• YOUR GOAL
Please copy exactly the line that contains "孫社長のむちゃぶりをすべて解" and every line after it through the end of the records, leaving the pictures out.

• Records contained in a dataset
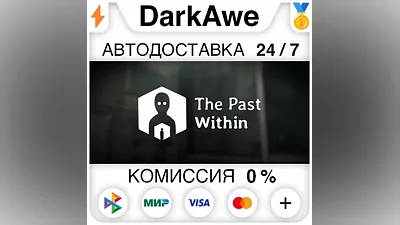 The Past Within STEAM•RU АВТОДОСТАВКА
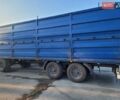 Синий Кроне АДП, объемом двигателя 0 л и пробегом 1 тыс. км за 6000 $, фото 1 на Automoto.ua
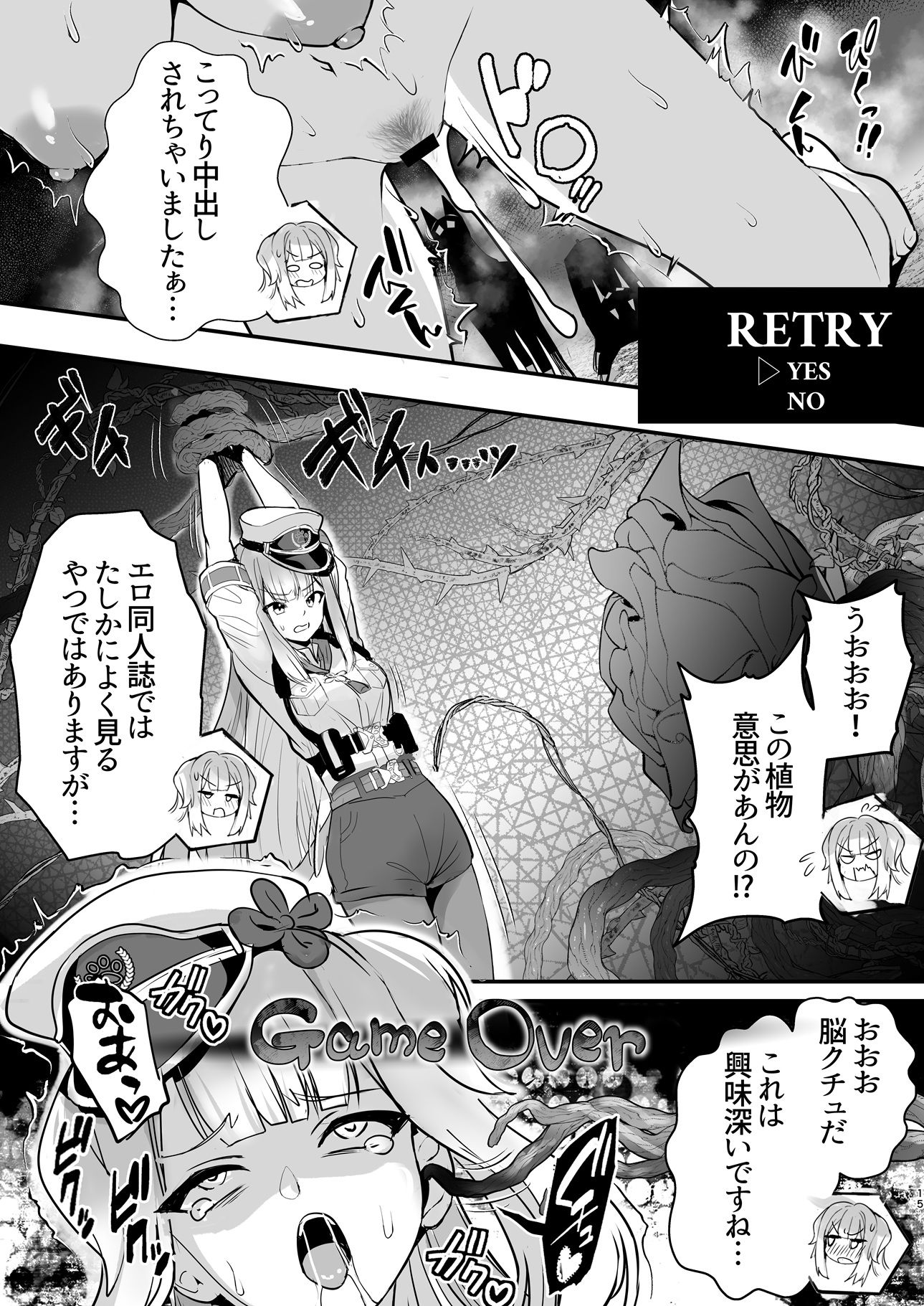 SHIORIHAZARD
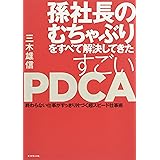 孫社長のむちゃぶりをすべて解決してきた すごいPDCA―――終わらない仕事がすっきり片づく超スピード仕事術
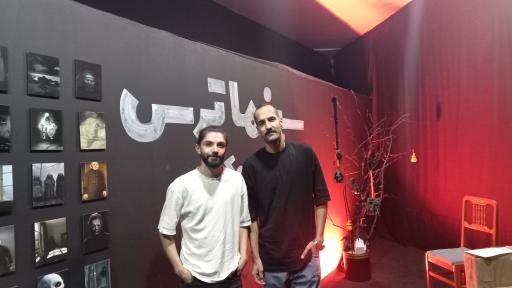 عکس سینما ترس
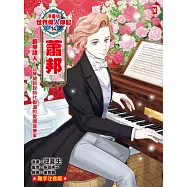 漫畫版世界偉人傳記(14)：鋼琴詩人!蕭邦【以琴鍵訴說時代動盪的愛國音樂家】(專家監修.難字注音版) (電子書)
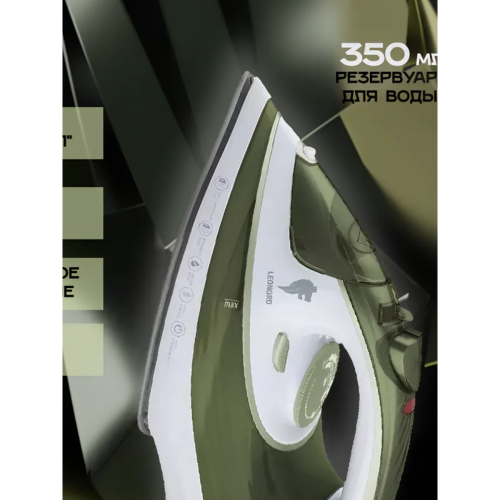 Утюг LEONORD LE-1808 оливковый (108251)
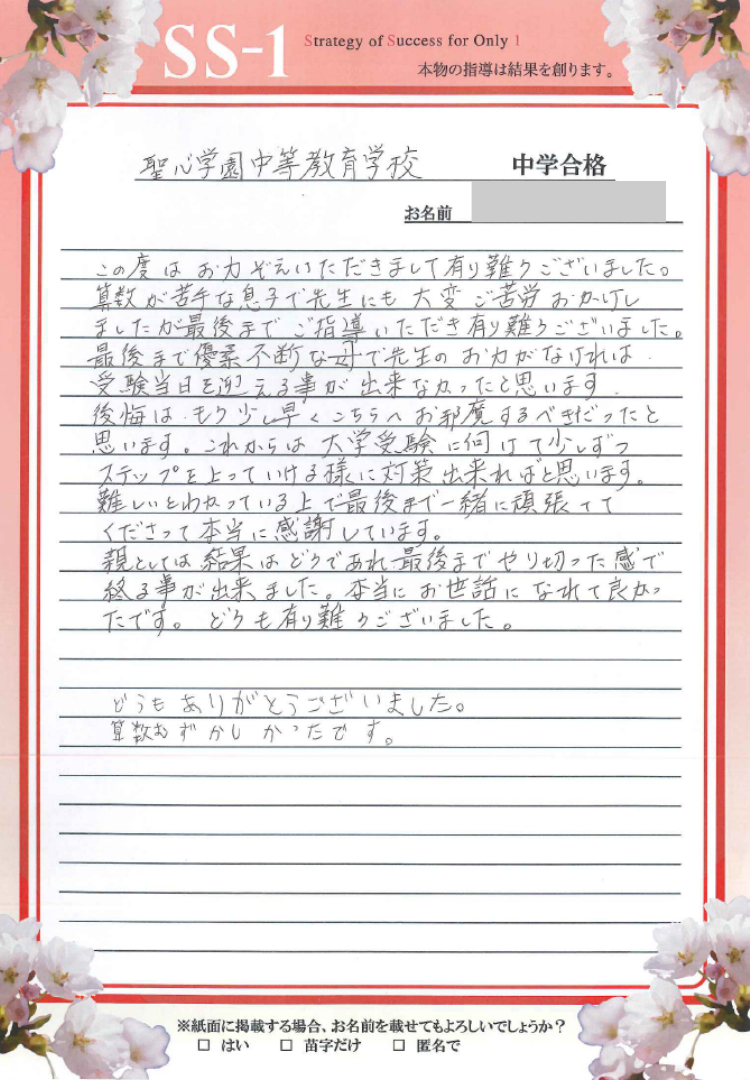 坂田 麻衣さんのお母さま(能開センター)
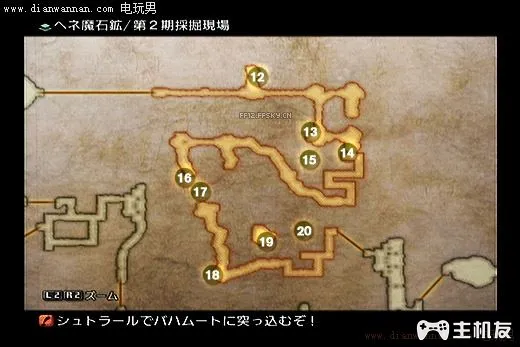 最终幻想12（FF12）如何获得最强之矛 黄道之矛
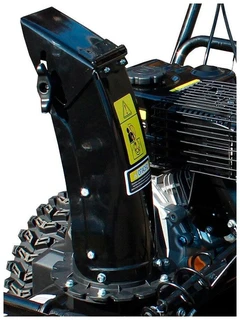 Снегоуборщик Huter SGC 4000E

• ANSWER FOR THIS EXERCISE
 孫社長のむちゃぶりをすべて解決してきた すごいPDCA―――終わらない仕事がすっきり片づく超スピード仕事術
 عکس سینما ترس
 漫畫版世界偉人傳記(14)：鋼琴詩人!蕭邦【以琴鍵訴說時代動盪的愛國音樂家】(專家監修.難字注音版) (電子書)
 Утюг LEONORD LE-1808 оливковый (108251)
 坂田 麻衣さんのお母さま(能開センター)
 最终幻想12（FF12）如何获得最强之矛 黄道之矛
 Снегоуборщик Huter SGC 4000E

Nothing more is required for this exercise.